2022-04-02 16:04:25 | 芝居
3月17日俳優座劇場で、マーティン・マクドナー作「ピローマン」を見た(演劇集団円公演、演出:寺十吾)。




童話作家のカトゥリアンと兄のミハエルは児童連続殺害事件の重要参考人として警察に拘留されていた。童話の内容と酷似する事件が起きたことで
カトゥリアンは執拗な尋問を受けていた。兄弟は両親のある実験的養育の恩恵と犠牲のもとに運命を違え、カトゥリアンは作家として成長し、その才能を
世に送り出していた。しかし事件をきっかけに秘められた真実の扉が開かれ、童話に触発されるように人間たちの闇がゆらぎ始める(チラシより)。
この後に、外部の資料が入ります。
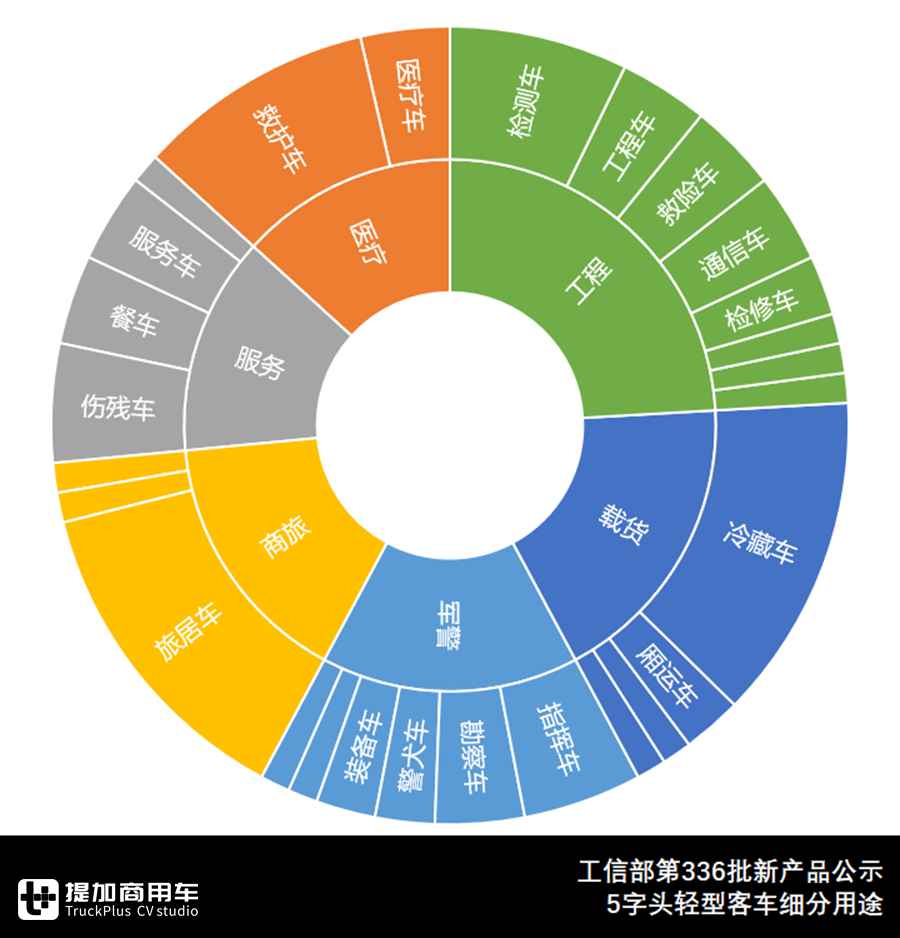 长轴5.99米轻客,6米轻客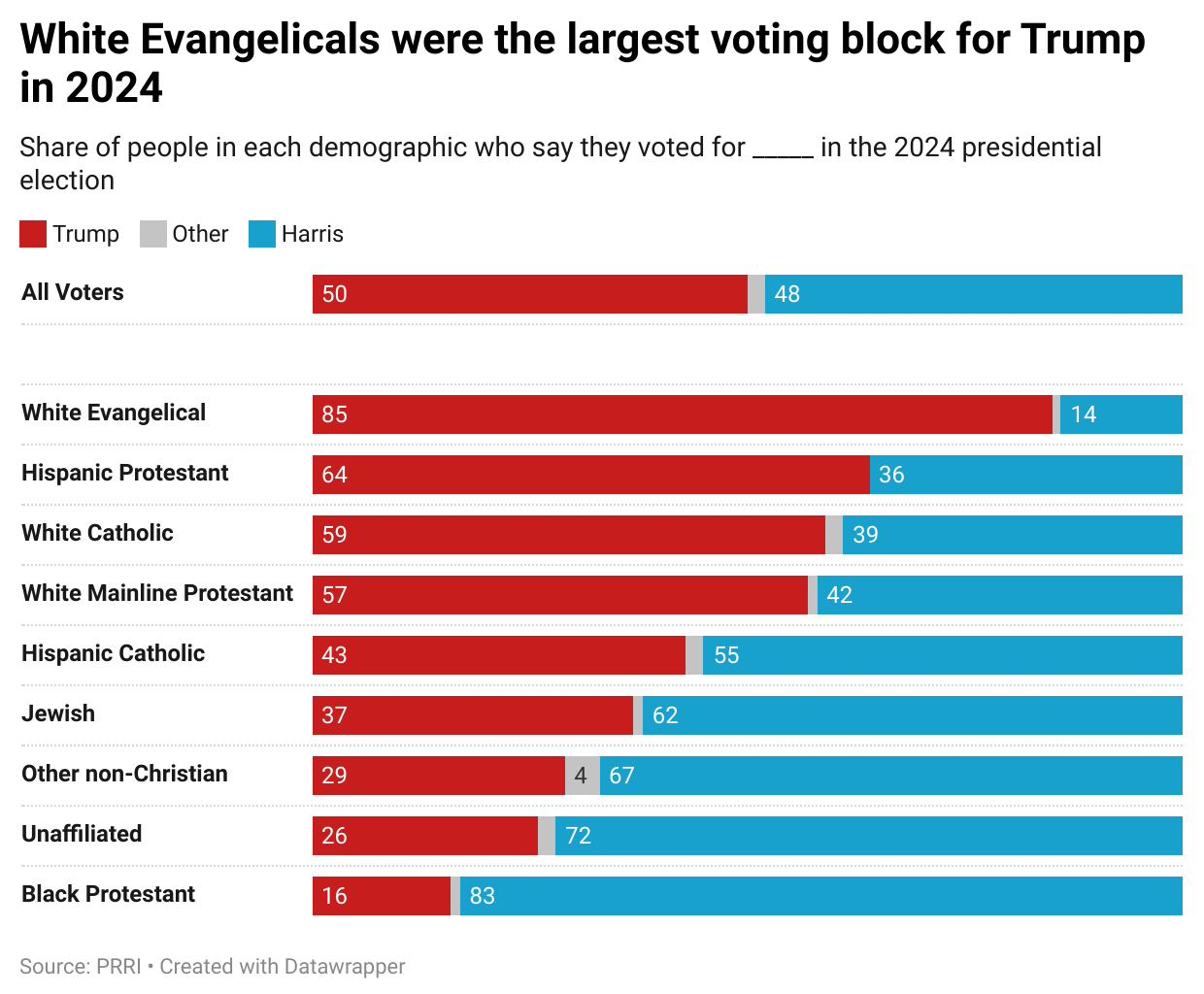 [OC] White Evangelicals were the largest voting block for Trump in 2024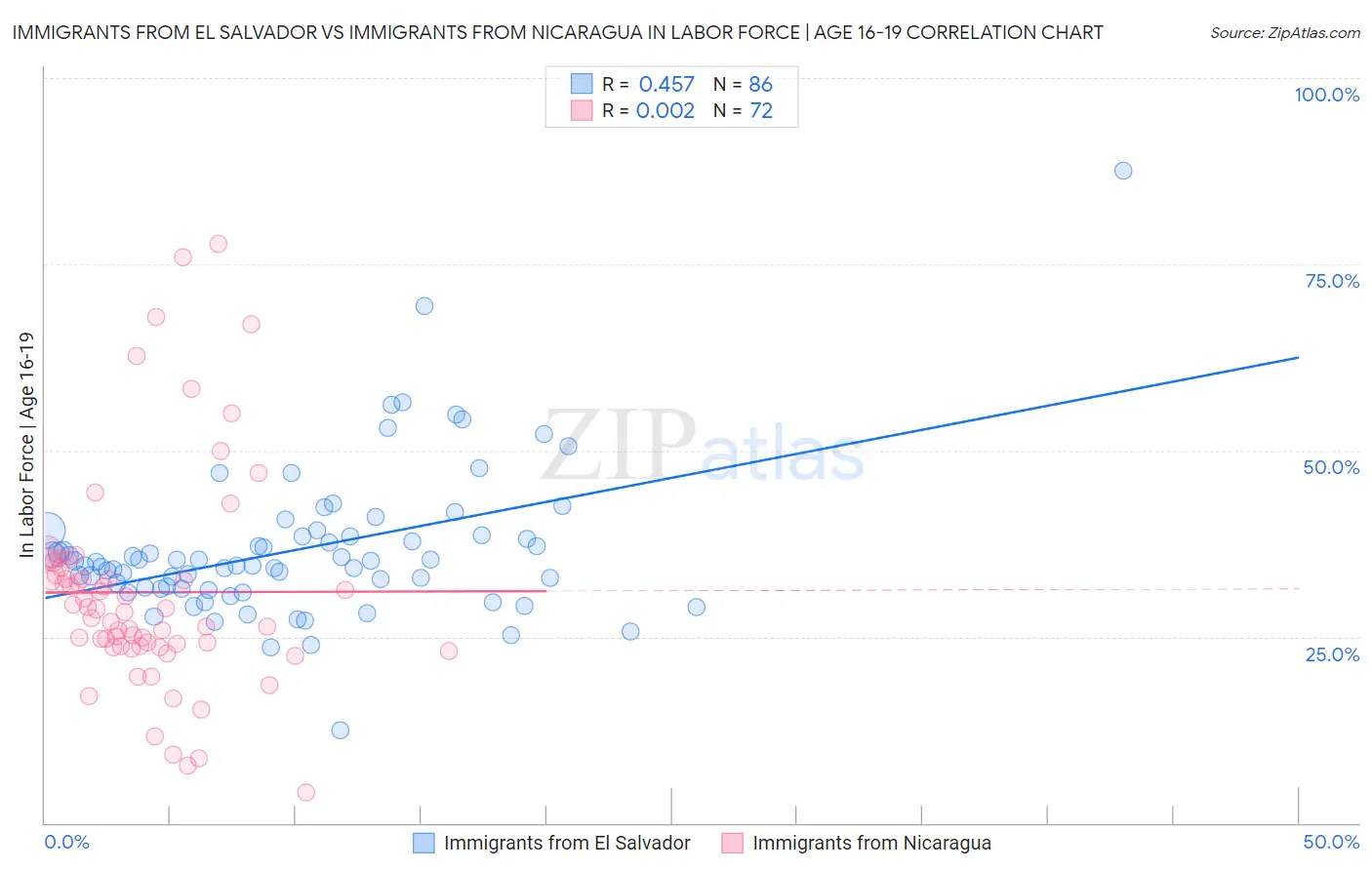 Immigrants from El Salvador vs Immigrants from Nicaragua In Labor Force | Age 16-19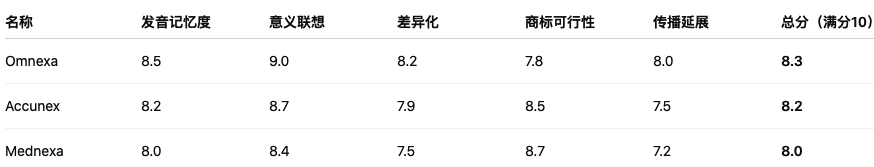 1755916110541833.png Snip20250823_1.png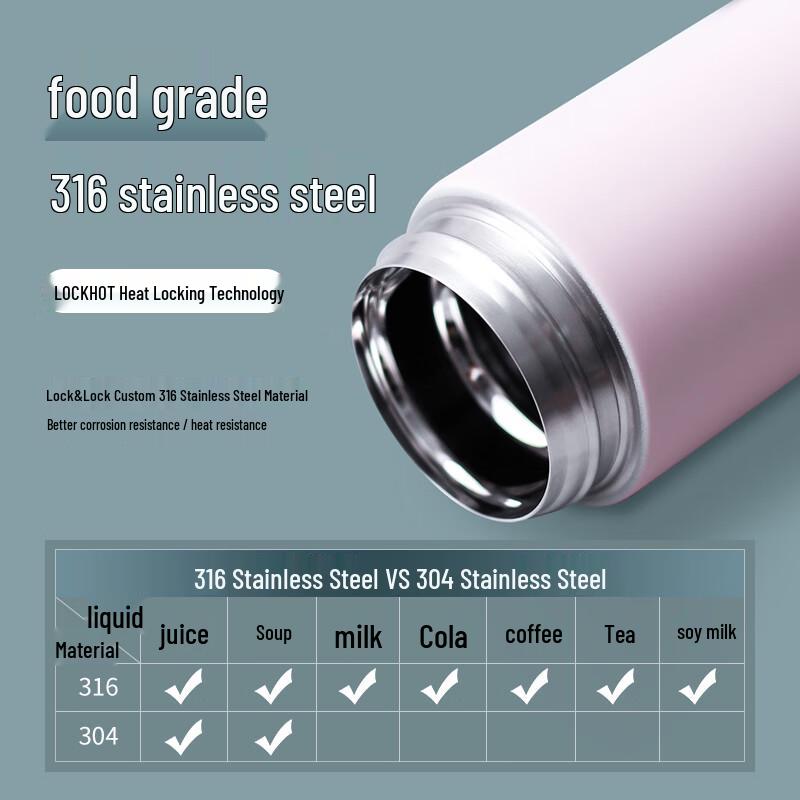 LOCK&LOCK Aspiration 316 Stainless Steel Insulated Water Bottle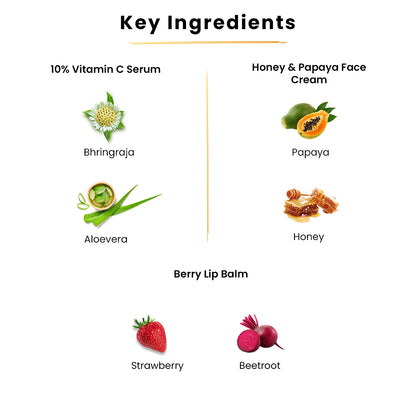 Vitamin C-25ml +Honey Papaya Face Cream-50gms+Lip balm-12gms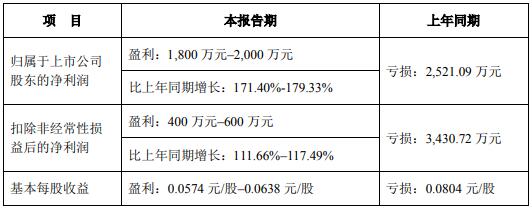 最高75亿元，艾比森、富采、泰鼎、臻鼎的Q1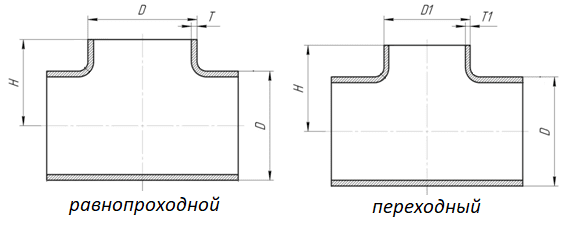 Стальные тройники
恐ろしい話に、初め背筋が凍った。何しろ舞台は、とある全体主義国家の警察署で、尋問する刑事たちは冷酷非情、作家をハナから犯人と決めつけて拷問も。
だが少しずつ霧が晴れていくように真相が明らかになっていく作劇術が、さすがマクドナーだ。
緊迫感溢れる展開に、観客の集中力は一瞬たりともそがれることがない。それがやはり芝居の醍醐味ではある。
兄弟の両親が、なぜ子供たちを使って世にも奇妙な実験を何年も続けたのか、それはわからない。
カトゥリアン(渡辺穣)が書いた物語は「川辺の町(ハーメルン)の話」、「キリストだと自称する少女の話」、「ピローマンの話」、「緑色の豚の話」など。
どれも残酷でグロテスクな内容なのは、明らかに両親の育て方の影響と言えるだろう。
(ただ「緑色の豚の話」だけは奇妙な味わいだが残酷ではなくてほっとさせられる。)
兄ミハエル(玉置祐也)は知恵遅れで、素直で、カトゥリアンに対しては当然ながら自分の方が弟のような関係。
カトゥリアンの書く童話が好きで、子どものように何度も彼にねだって話してもらう。
時々話の内容を忘れてしまったり、脳内で筋がこんがらかったりする。
そこはストーリー展開上、重要な伏線だった!
彼らを尋問する二人の刑事のうち片方(石住昭彦)は、乱暴で、カトゥリアンをすぐに拷問にかけようとするが、実は人間味ある正義漢で、自らの良心から行動している。
もう片方の刑事(瑞木健太郎)は、より穏やかで知的に見えるが、カトゥリアンが兄をかばって嘘の自供をしたことが判明し、その自供に基づいて自分が作成した調書が
事実と違っていたことがわかるや、個人的な怒りからカトゥリアンに復讐する・・・。

カトゥリアン役の渡辺穣、刑事たちを演じる石住昭彦と瑞木健太郎、ミハエル役の玉置祐也ら、役者陣は、みな好演。
演劇集団円は、決して期待を裏切らない。

この作家はどういう生い立ちをしたのだろうか。それが知りたい(いや知るのはちょっと怖いかも)。よほど大変な育ち方をしたに違いない。
だって彼の書いたものと言えば、「ビューティー・クイーン・オブ・リーナン」は(女性と母親の話なので)それほどでもないが、「スポケーンの左手」にしろ
「イニシュマン島のビリー」や「ハングマン」にしろ、家族の間の温かい関係というものがほぼ皆無なのだから。

驚いたことに今日もほぼ満席。最近満席のことが多い。みんな芝居に飢えているのか。